# TV picture flickers with HR24-500



## ratm (Sep 20, 2011)

Hello,
I am new to DirecTV. I got a 3 LNB SWM installed and the HR24-500. I have a Sony TV KDL52XBR9 and using HDMI to connect to the HR24.
My problem is that when I first turn my TV on the picture flickers and goes out for a fraction of a second. If I cycle through the inputs on the TV or go into the settings and uncheck a resolution and recheck it, the problem goes away. 
I have native set to off and 720p/1080i as my only resolutions. I also have tried switching from 720 to 1080 on the front of the box with the same result.
Does anybody know why this is happening? I just moved from cable and never had this issue using the same HDMI cables/input.
Thank you,
ratm


----------



## Kevin F (May 9, 2010)

I would try another HDMI cable just to make sure. Or even a different port on the back of the tv. And if it still happens then try component cable an see if the problem still exists


----------



## TomCat (Aug 31, 2002)

It sounds like an HDMI handshake issue between the DVR and the TV. I would bet the farm you would not see this should you connect via component.

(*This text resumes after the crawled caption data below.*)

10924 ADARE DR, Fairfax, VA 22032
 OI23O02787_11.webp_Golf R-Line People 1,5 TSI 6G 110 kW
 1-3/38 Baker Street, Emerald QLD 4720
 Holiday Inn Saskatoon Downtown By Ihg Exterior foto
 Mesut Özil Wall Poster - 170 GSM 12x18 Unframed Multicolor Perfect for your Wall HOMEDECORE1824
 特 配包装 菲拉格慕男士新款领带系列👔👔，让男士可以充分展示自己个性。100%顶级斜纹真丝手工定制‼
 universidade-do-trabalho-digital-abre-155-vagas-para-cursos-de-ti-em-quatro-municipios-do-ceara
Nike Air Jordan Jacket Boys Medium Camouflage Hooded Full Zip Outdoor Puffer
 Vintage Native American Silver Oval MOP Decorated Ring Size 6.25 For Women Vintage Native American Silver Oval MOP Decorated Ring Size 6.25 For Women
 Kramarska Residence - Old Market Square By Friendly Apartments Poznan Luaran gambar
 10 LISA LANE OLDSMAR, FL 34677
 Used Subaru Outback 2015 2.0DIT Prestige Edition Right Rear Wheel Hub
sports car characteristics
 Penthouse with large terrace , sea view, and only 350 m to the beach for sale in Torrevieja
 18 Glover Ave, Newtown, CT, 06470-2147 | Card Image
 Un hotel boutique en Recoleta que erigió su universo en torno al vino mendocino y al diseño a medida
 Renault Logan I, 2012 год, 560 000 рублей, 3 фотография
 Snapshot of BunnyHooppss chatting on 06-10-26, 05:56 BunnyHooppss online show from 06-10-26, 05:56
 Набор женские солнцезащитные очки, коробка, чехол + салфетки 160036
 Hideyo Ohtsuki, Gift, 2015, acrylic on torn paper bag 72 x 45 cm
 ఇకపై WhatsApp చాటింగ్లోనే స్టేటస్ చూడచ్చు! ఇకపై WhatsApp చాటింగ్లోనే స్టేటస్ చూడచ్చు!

You may also want to try using just 1080 as a resolution. This would move the task of rescaling 720p to 1080i out of the DVR and into the TV, which may shorten (or lengthen) the HDMI mute time (time it goes to black while negotiating the handshake). Native "on" would do much the same thing. Try both, and with luck one or the other will shorten the mute time or eliminate it. Otherwise it may just be an idiosyncratic issue with that particular TV and that particular DVR.

On that subject, the HR24 is supposedly using RGB out, while most devices use Y Pb Pr. There is likely nothing wrong with either method, and HDMI supports both, but how compatible one may be with the HDMI RX chip in your TV compared to the other may be at issue here. They both should work, but possibly RGB out could have handshake issues that don't manifest with Y Pb Pr. If other viewers with this set and either a HR24 or a different HR2x could verify this, we would know if that is a credible answer or not.


----------



## Rich (Feb 22, 2007)

TomCat said:


> It sounds like an HDMI handshake issue between the DVR and the TV. I would bet the farm you would not see this should you connect via component.
> 
> You may also want to try using just 1080 as a resolution. This would move the task of rescaling 720p to 1080i out of the DVR and into the TV, which may shorten (or lengthen) the HDMI mute time (time it goes to black while negotiating the handshake). Native "on" would do much the same thing. Try both, and with luck one or the other will shorten the mute time or eliminate it. Otherwise it may just be an idiosyncratic issue with that particular TV and that particular DVR.
> 
> On that subject, the HR24 is supposedly using RGB out, while most devices use Y Pb Pr. There is likely nothing wrong with either method, and HDMI supports both, but how compatible one may be with the HDMI RX chip in your TV compared to the other may be at issue here. They both should work, but possibly RGB out could have handshake issues that don't manifest with Y Pb Pr. If other viewers with this set and either a HR24 or a different HR2x could verify this, we would know if that is a credible answer or not.


Every once in a while someone posts about these issues and it seems to always happen (this is a general comment not a specific comment) when using a Sony TV. I'll agree with Tom and say try component and see if that solves your problem. I'll also be willing to bet that you never have any issues with a BD player or a DVD upscaler using HDMI. Or any device using HDMI. Only the HRs.

Rich


----------



## ratm (Sep 20, 2011)

Thank you for your suggestions. TomCat was right. It was an HDMI handshake issue. 
I forgot to mention that I'm using and HDMI balun from SnapAV to connect the HR24 from my basement that also has a feature where it can learn the EDID setting from my TV. I made the transmitter end of my balun relearn the EDID from my TV, hooked up everything and so far so good.
Thanks again!


----------